OWNER: gerco (infrastructure) ALSO_USED_BY: urszula, maxim (application usage) LAST_VERIFIED: 2026-03-26 GE_STACK_VERSION: Redis 7.4


Overview

Known failure modes in Redis usage within GE. Agents MUST check this page before writing code that interacts with Redis. New pitfalls are added here when discovered — items are NEVER removed.

Memory Exhaustion

Unbounded Streams

ANTI_PATTERN: XADD without MAXLEN — streams grow without limit. FIX: Every XADD MUST include MAXLEN ~ {limit}. Per-agent: 100. System: 1000.

This is GE's most expensive Redis mistake to date. An unbounded triggers.* stream once consumed 180MB before detection, pushing Redis past its 256MB limit and triggering allkeys-lru eviction of active cache keys. ADDED_FROM: ge-infrastructure-2026-02, unbounded stream incident

Keys Without TTL

ANTI_PATTERN: Setting cache keys without EXPIRE/EX. FIX: Every cache key MUST have a TTL. Even write-through keys get a safety TTL.

# Audit: find keys without TTL
# Run from redis-cli (not in application code)
# WARNING: SCAN only — never KEYS
redis-cli -p 6381 --scan --pattern "cache:*" | while read key; do
    ttl=$(redis-cli -p 6381 TTL "$key")
    if [ "$ttl" = "-1" ]; then
        echo "NO TTL: $key"
    fi
done

Big Keys

ANTI_PATTERN: Storing large values (>1MB) in a single key.

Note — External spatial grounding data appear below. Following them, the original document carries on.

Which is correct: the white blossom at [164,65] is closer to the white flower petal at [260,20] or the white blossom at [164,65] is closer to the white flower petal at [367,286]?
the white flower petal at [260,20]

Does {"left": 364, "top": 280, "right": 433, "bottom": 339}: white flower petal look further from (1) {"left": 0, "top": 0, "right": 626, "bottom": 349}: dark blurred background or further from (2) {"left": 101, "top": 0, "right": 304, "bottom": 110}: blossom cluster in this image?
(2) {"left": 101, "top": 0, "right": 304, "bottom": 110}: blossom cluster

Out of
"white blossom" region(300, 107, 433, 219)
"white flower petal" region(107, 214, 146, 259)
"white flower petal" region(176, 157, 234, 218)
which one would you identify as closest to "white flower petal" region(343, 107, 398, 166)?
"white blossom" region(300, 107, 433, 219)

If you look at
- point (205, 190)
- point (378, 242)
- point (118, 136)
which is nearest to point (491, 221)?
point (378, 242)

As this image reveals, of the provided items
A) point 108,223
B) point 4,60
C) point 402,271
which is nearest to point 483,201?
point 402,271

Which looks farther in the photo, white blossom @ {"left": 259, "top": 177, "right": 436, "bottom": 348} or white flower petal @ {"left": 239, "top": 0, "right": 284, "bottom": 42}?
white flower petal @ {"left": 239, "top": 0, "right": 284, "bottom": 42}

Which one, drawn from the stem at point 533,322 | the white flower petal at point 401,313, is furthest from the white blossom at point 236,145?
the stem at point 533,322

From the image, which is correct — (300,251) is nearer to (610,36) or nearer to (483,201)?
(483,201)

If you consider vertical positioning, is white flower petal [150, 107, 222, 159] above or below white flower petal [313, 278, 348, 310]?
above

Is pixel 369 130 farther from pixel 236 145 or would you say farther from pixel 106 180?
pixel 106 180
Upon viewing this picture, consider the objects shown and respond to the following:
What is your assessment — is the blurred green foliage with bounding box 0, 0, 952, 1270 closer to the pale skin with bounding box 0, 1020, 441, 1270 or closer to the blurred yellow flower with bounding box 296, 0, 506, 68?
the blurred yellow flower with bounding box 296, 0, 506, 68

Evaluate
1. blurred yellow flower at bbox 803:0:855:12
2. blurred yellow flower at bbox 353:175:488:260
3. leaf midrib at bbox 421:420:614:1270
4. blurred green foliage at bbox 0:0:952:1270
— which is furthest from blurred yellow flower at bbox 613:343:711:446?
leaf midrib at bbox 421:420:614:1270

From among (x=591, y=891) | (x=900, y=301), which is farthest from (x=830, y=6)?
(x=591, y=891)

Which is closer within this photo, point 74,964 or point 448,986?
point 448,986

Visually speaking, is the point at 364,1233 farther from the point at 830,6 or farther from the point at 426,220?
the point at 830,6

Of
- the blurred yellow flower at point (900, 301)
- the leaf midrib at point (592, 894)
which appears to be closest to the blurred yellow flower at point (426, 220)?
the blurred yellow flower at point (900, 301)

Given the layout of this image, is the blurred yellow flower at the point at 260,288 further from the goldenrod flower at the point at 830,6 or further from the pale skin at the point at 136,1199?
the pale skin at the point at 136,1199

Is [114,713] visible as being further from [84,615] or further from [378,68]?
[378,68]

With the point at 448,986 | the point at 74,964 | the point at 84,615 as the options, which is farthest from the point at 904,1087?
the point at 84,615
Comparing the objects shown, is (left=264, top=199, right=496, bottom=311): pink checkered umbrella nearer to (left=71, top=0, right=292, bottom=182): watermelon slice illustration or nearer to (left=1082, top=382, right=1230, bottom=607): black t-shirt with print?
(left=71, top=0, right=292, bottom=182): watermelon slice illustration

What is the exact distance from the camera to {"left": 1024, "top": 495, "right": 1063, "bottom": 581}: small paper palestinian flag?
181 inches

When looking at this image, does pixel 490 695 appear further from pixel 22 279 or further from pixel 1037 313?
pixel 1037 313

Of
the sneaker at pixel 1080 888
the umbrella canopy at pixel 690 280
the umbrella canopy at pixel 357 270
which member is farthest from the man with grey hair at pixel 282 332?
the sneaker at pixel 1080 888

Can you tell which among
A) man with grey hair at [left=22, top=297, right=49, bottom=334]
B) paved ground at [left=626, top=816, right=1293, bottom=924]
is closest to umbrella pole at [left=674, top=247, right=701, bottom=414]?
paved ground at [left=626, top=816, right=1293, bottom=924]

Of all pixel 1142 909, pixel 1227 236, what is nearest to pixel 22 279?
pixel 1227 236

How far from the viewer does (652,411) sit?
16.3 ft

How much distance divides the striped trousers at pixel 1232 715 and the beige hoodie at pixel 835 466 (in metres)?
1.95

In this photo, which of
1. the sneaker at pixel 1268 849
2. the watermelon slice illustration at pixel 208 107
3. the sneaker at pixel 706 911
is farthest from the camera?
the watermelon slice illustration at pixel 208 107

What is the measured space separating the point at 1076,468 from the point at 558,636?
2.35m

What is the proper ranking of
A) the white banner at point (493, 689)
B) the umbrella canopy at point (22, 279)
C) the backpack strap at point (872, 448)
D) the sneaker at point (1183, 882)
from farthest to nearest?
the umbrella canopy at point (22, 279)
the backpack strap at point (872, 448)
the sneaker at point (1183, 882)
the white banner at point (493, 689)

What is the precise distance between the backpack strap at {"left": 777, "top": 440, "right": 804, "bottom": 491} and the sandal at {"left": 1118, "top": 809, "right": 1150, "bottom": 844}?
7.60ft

FIX: Break large data into smaller keys or store in PostgreSQL with a Redis pointer.

Big keys cause:

  • Slow operations (serialization/deserialization on every read/write).
  • Memory fragmentation.
  • Blocking during deletion (DEL on a 10MB key blocks the event loop).

CHECK: Agent is caching a large payload. IF: Payload size exceeds 100KB. THEN: Reconsider. Cache only the fields needed, or store in PostgreSQL with a lightweight Redis pointer.

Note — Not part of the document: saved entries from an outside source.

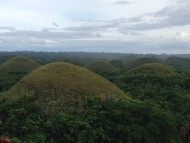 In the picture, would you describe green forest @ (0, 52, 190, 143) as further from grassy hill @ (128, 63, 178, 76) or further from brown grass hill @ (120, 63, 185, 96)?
grassy hill @ (128, 63, 178, 76)

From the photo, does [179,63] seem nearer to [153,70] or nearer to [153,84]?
[153,70]

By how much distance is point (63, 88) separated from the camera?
2923 centimetres

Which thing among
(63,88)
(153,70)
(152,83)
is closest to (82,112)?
(63,88)

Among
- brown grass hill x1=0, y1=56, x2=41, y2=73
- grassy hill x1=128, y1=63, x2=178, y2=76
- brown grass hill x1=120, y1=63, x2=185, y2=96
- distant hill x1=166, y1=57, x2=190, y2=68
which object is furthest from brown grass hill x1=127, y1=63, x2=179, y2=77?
distant hill x1=166, y1=57, x2=190, y2=68

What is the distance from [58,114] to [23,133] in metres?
2.69

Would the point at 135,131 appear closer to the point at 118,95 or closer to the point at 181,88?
the point at 118,95

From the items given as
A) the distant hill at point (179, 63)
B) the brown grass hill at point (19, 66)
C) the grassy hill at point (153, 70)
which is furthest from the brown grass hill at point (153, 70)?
the distant hill at point (179, 63)

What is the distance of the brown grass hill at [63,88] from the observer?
27.4 meters

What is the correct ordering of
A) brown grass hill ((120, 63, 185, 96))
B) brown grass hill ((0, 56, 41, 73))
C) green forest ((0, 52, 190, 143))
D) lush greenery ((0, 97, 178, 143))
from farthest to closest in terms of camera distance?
1. brown grass hill ((0, 56, 41, 73))
2. brown grass hill ((120, 63, 185, 96))
3. green forest ((0, 52, 190, 143))
4. lush greenery ((0, 97, 178, 143))

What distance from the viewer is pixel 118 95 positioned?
30312mm

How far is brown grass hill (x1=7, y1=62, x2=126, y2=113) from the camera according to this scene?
2742 cm

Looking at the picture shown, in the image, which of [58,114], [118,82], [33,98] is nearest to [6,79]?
[118,82]

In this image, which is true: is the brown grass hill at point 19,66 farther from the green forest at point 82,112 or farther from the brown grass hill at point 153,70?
the green forest at point 82,112

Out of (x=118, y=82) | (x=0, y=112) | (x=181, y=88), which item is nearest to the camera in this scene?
(x=0, y=112) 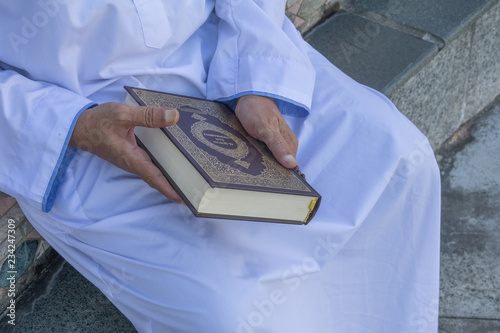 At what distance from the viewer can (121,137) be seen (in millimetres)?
1206

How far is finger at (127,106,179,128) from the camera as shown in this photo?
111cm

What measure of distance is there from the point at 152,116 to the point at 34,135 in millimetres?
269

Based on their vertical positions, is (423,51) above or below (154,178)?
below

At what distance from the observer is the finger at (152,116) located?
3.66 feet

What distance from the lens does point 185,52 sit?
151 cm

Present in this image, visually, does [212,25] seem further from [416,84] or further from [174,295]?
[416,84]

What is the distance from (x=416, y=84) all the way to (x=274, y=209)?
1279mm

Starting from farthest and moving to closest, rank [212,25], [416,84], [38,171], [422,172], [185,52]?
1. [416,84]
2. [212,25]
3. [185,52]
4. [422,172]
5. [38,171]

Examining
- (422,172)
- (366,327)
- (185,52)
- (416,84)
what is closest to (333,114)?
(422,172)

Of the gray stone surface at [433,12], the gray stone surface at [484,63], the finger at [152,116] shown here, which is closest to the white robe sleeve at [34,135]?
the finger at [152,116]

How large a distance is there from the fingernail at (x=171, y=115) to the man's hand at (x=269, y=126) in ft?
0.80

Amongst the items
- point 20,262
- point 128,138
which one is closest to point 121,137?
point 128,138

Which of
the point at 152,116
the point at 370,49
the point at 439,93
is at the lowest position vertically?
the point at 439,93

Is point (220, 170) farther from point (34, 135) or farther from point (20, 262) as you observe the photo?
point (20, 262) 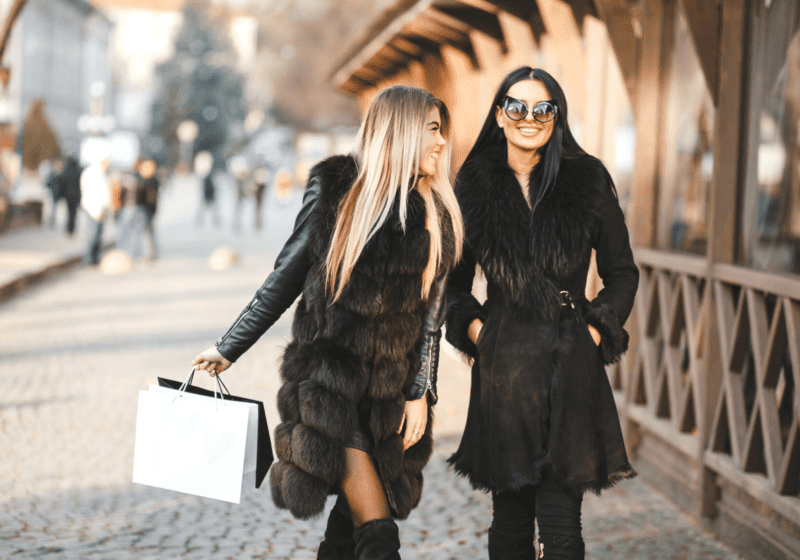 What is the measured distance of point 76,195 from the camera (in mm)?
24859

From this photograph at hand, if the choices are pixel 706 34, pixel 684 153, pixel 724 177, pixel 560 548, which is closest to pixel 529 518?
pixel 560 548

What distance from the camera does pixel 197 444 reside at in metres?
3.06

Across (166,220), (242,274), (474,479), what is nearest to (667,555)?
(474,479)

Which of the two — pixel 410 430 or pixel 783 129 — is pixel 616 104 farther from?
pixel 410 430

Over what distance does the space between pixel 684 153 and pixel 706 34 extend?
120 cm

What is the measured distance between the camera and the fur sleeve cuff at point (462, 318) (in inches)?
131

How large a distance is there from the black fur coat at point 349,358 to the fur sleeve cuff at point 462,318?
25 cm

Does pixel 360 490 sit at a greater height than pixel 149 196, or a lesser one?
lesser

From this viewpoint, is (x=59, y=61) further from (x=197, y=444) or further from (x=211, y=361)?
(x=197, y=444)

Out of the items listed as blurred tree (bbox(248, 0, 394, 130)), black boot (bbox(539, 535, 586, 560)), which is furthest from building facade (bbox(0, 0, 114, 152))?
black boot (bbox(539, 535, 586, 560))

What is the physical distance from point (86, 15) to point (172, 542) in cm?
8358

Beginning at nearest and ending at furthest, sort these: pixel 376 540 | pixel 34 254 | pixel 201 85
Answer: pixel 376 540, pixel 34 254, pixel 201 85

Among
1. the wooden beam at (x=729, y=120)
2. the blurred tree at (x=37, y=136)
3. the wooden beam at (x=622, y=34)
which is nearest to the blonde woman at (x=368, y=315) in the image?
the wooden beam at (x=729, y=120)

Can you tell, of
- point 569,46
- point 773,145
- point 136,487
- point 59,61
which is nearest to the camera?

No maxmemory Configuration

GE sets maxmemory 256mb with maxmemory-policy allkeys-lru. If maxmemory is not set, Redis grows until the OS kills it (OOM).

CHECK: Agent is deploying Redis configuration. IF: maxmemory is not set. THEN: ALWAYS set maxmemory. GE standard: 256MB.

The KEYS Command

ANTI_PATTERN: Using KEYS * or KEYS pattern:* in application code. FIX: Use SCAN with a cursor. KEYS performs an O(N) scan of the entire keyspace, blocking the single-threaded event loop for the duration. On a large keyspace, this freezes ALL Redis operations for seconds.

# WRONG — blocks Redis
keys = await redis.keys("agent:*")

# CORRECT — iterates without blocking
keys = []
async for key in redis.scan_iter(match="agent:*", count=100):
    keys.append(key)

CHECK: Agent is searching for keys matching a pattern. IF: Code uses the KEYS command. THEN: Replace with SCAN. No exceptions, not even in admin tools or one-off scripts that run against production Redis.

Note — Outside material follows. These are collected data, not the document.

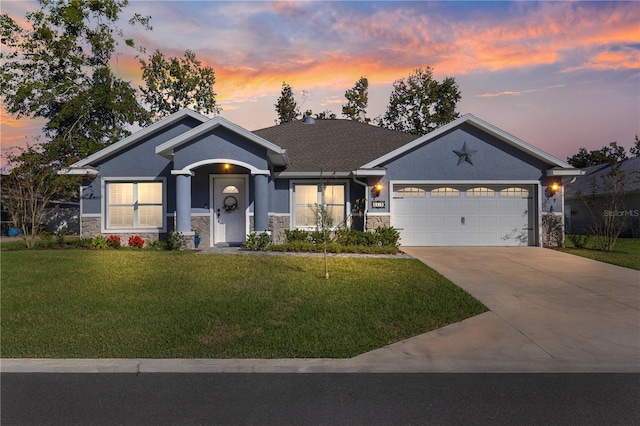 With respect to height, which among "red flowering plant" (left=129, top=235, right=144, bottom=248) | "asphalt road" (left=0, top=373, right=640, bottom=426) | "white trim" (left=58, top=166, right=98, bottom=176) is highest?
"white trim" (left=58, top=166, right=98, bottom=176)

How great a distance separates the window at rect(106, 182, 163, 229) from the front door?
227 cm

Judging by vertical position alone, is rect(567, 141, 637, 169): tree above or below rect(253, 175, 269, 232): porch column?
above

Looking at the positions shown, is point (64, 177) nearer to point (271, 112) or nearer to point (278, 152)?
point (278, 152)

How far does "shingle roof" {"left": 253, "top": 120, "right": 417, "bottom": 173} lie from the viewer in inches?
666

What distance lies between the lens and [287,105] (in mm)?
40500

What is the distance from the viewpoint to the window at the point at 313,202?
16484 millimetres

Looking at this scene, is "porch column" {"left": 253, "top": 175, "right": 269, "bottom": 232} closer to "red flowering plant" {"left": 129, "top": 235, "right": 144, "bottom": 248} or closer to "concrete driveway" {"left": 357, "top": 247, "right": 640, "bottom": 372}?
"red flowering plant" {"left": 129, "top": 235, "right": 144, "bottom": 248}

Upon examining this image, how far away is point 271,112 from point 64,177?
2620 centimetres

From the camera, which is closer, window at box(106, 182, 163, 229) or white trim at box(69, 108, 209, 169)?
white trim at box(69, 108, 209, 169)

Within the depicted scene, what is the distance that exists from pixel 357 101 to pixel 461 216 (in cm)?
2310

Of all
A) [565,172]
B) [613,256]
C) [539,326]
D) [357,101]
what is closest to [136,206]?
[539,326]

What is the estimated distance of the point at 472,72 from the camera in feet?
56.5

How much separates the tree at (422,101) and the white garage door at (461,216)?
1970 cm

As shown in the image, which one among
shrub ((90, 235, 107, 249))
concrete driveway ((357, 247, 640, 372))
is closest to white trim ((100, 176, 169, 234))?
shrub ((90, 235, 107, 249)) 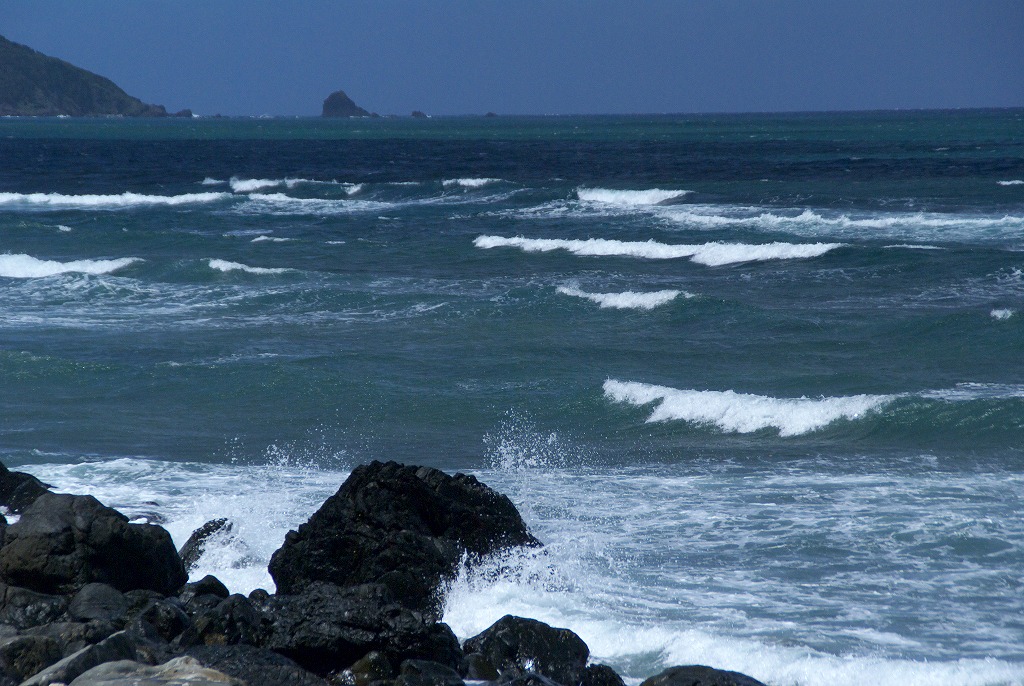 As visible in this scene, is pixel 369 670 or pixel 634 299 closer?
pixel 369 670

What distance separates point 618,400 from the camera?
14.9 metres

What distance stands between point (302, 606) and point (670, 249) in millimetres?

ADDED_FROM: ge-infrastructure-2026-01, KEYS caused 3-second freeze during health check

Slow Commands

Commands to Avoid Under Load

Command Problem Alternative
KEYS * O(N) full keyspace scan, blocks event loop SCAN
SMEMBERS on large sets Returns all members at once SSCAN
HGETALL on large hashes Returns all fields at once HSCAN or HMGET specific fields
LRANGE 0 -1 on large lists Returns entire list Paginate with LRANGE 0 99
ZRANGEBYSCORE without LIMIT Returns unbounded results Add LIMIT offset count
FLUSHALL / FLUSHDB Blocks until complete FLUSHALL ASYNC (Redis 4.0+)
DEL on large keys Blocks during free UNLINK (async delete)

CHECK: Agent is reading from a Redis collection (set, hash, list, sorted set). IF: Collection may contain more than 100 elements. THEN: Use the *SCAN variant or paginate. Never fetch all at once.

Monitoring Slow Commands

# Enable slow log (commands taking >10ms)
CONFIG SET slowlog-log-slower-than 10000
CONFIG SET slowlog-max-len 128

# View slow log
SLOWLOG GET 10

Connection Pooling

ANTI_PATTERN: Creating a new Redis connection per request. FIX: Use a connection pool. Opening TCP connections is expensive.

# CORRECT — connection pool (Python aioredis/redis-py)
redis = aioredis.from_url(
    "redis://:password@localhost:6381",
    max_connections=20,
    decode_responses=True
)
// CORRECT — connection pool (Node.js ioredis)
const redis = new Redis({
    host: 'localhost',
    port: 6381,
    password: process.env.REDIS_PASSWORD,
    maxRetriesPerRequest: 3,
    retryStrategy: (times) => Math.min(times * 200, 2000),
    lazyConnect: true,
});

ANTI_PATTERN: Sharing a single connection across multiple async tasks without pipelining. FIX: Use a connection pool with at least max(concurrent_tasks, 10) connections. A single connection serializes all commands.

Connection Exhaustion

GE Redis allows 100 max connections. Each service should use a pool of 10-20 connections, not more.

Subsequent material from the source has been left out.